## THE PROBLEM
An exact copy of the records is required, minus the pictures they hold.

(Records contained in a dataset)
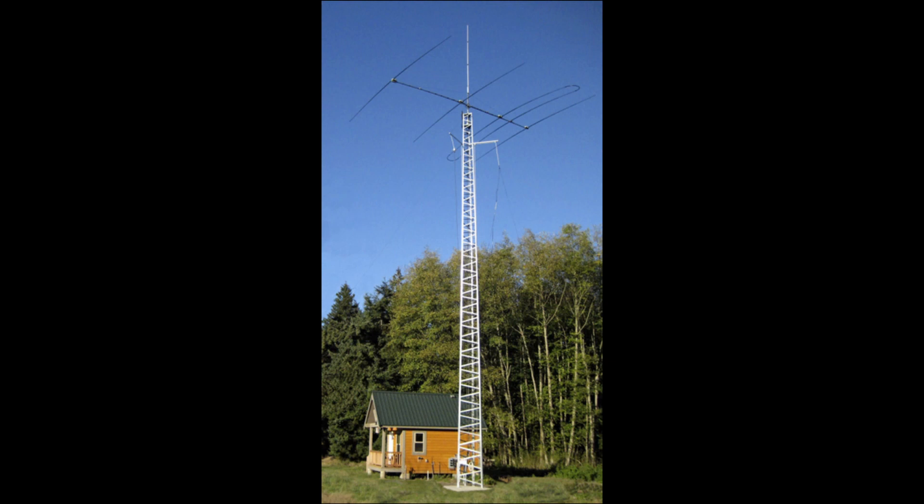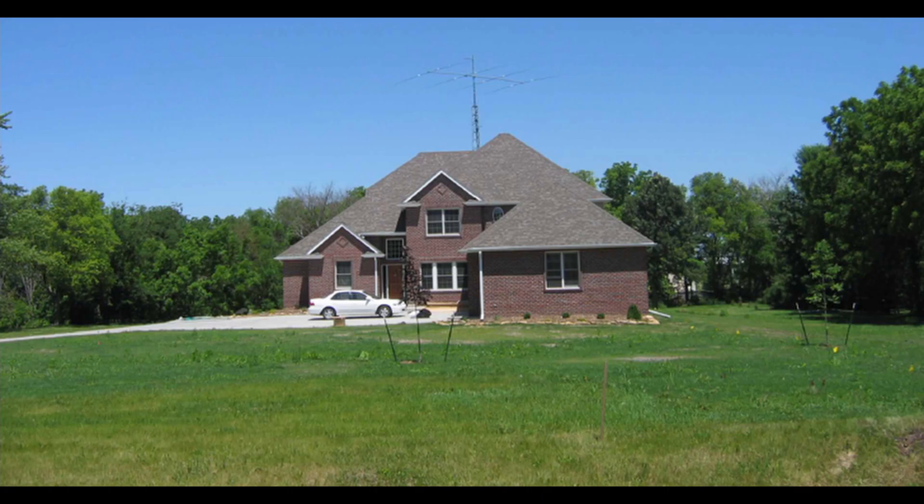Did you just get a new antenna, and you're excited to get it on the air? Maybe you just bought a new house, and you have anxiously been waiting to get the new shack set up. Perhaps you just caught an amazing deal on that 75-foot tower you've always dreamed of that is too good to turn down.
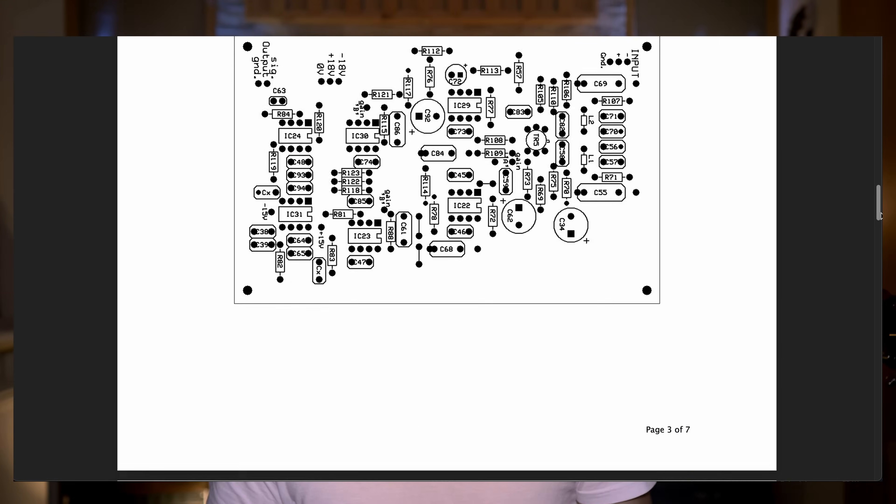I'm not the first one cloning this preamp. Back in 2003, a man named Keith Andrews — I think he was an SSL tech — published the schematic and made it accessible to the DIY world. But it was, and still is, a very challenging project because you have to etch the PCBs yourself, you need a power supply, and in the original schematic there is no phantom power and no phase reverse, so you have to do it all by yourself.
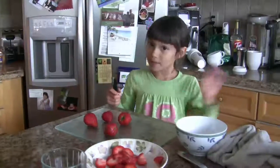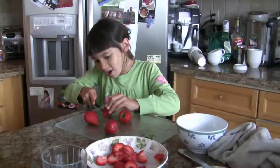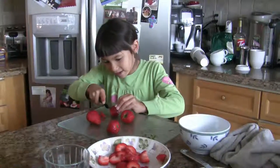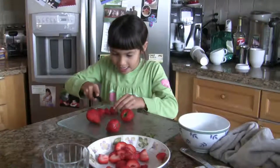Now you just take your knife, but be very careful. You cut very nice and softly and very even. And then you cut the sides.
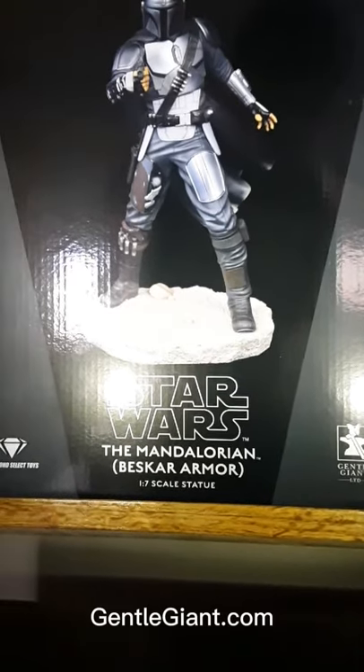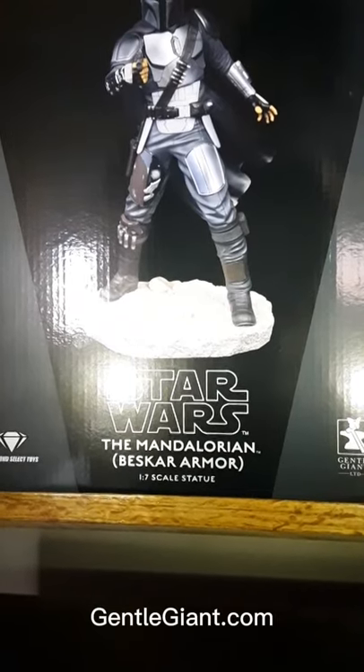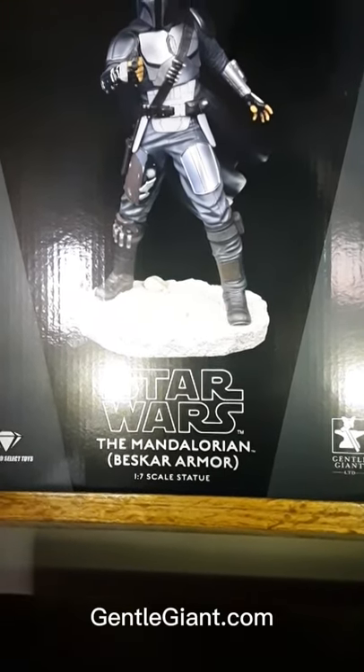Hey guys, so today we're going to be unboxing the Star Wars Mandalorian Beskar Armor, Diamond Select Toys, and Gentle Giant statue. I know it's a lot of words, let's get them open.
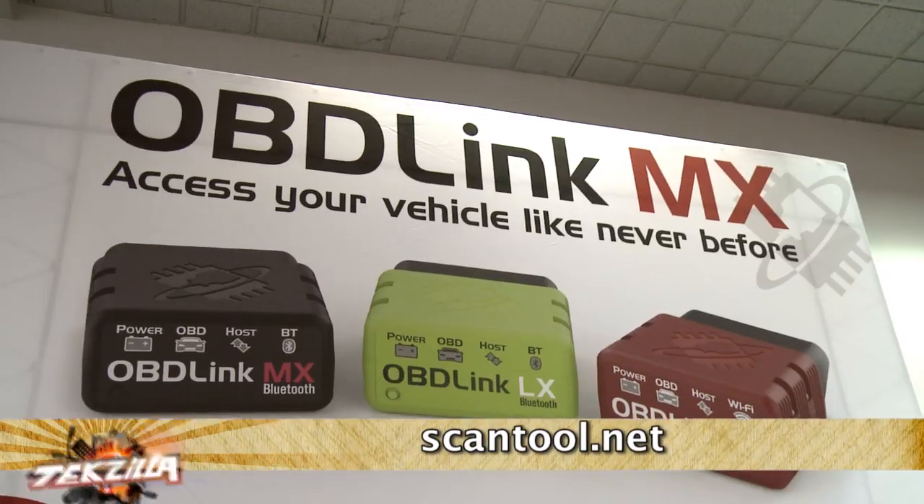If you're running iOS, you're out of luck unless you spend all the money for a ridiculously overpriced application and a ridiculously overpriced Wi-Fi adapter. Enter scantool.net.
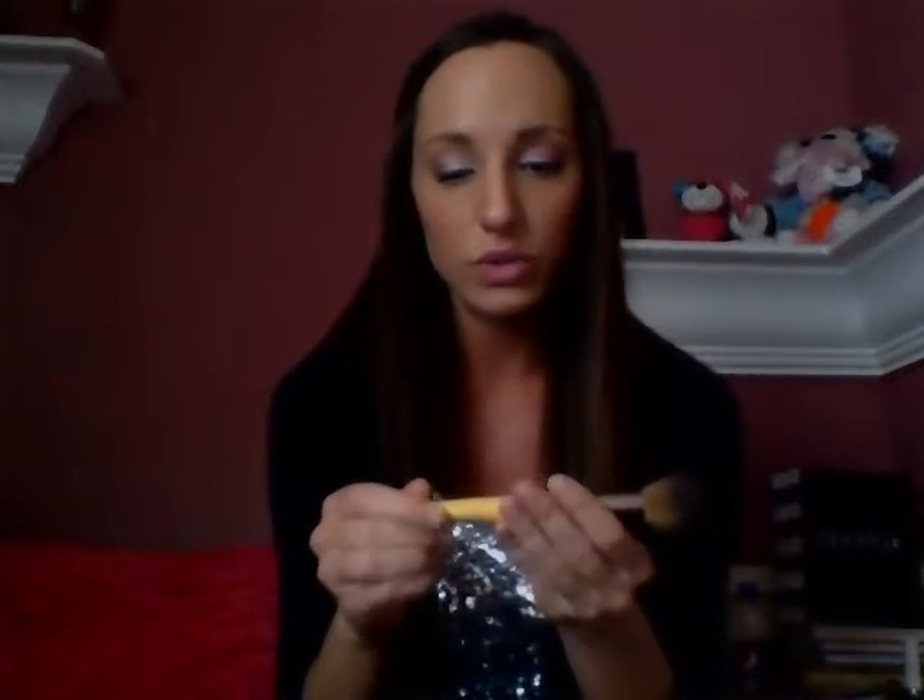For my blush brush, I have been using the EcoTools tapered blush brush. It's actually dirty because I used it today. It's nice and soft and tapered. You put it in — like, say this was your compact — and you just bounce it right onto your cheekbones.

## WORKED SOLUTION
Did you just get a new antenna, and you're excited to get it on the air? Maybe you just bought a new house, and you have anxiously been waiting to get the new shack set up. Perhaps you just caught an amazing deal on that 75-foot tower you've always dreamed of that is too good to turn down.
I'm not the first one cloning this preamp. Back in 2003, a man named Keith Andrews — I think he was an SSL tech — published the schematic and made it accessible to the DIY world. But it was, and still is, a very challenging project because you have to etch the PCBs yourself, you need a power supply, and in the original schematic there is no phantom power and no phase reverse, so you have to do it all by yourself.
Now you just take your knife, but be very careful. You cut very nice and softly and very even. And then you cut the sides.
Hey guys, so today we're going to be unboxing the Star Wars Mandalorian Beskar Armor, Diamond Select Toys, and Gentle Giant statue. I know it's a lot of words, let's get them open.
If you're running iOS, you're out of luck unless you spend all the money for a ridiculously overpriced application and a ridiculously overpriced Wi-Fi adapter. Enter scantool.net.
For my blush brush, I have been using the EcoTools tapered blush brush. It's actually dirty because I used it today. It's nice and soft and tapered. You put it in — like, say this was your compact — and you just bounce it right onto your cheekbones.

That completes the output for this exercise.